In the infectious-zombie model, it doesn’t matter how long an individual zombie sticks around, as long as it can infect more than one human before it gets too damaged to keep eating more brainz, because that gives you exponential growth.
Before George Romero, the traditional model was that the zombie was a human poisoned and enslaved by an evil voodoo master, and the horror was mostly about what happened to that person, not what it did to everybody else.

Yeah, all zombies, in particular all undead zombies, are inherently magic zombies, whatever the mechanism (if any) that is described as the cause, but as you say, this usually covers even the living ones, as they tend to infect others at impossible speeds and with impossible effects. A rotting zombie implies something about how zombies work, something that’s usually contradicted by other elements of the same narrative.

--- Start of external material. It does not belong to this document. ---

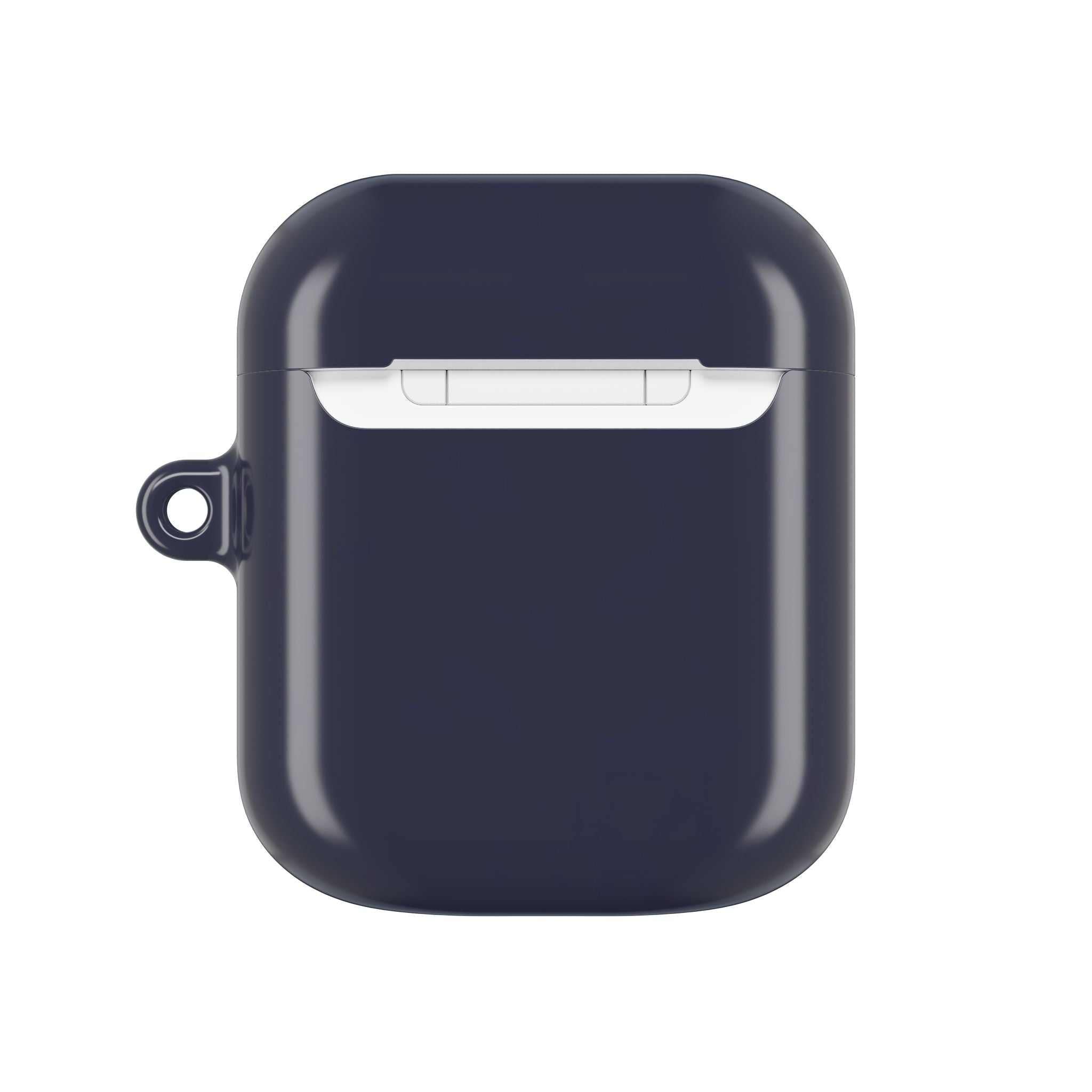 Deep blue glossy hard shell protective case for AirPods and AirPods Pro, durable and lightweight with keyring loop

This the the fundamental problem: most zombie narratives aren’t even internally consistent, so there’s no parameters that extend beyond a scene or two. Zombie movies have traditionally been visceral, not intellectual horror movies (and rather cheap ones at that), and the creators are counting on the audience simply not noticing or thinking about the contradictions. This is especially true of the early imitators of Romero’s films, which collectively cemented the somewhat vague set of “rules” for zombies in the popular imagination, even though the rules aren’t actually from any one movie (and they tend to be especially inconsistent with the rules they themselves present in the films).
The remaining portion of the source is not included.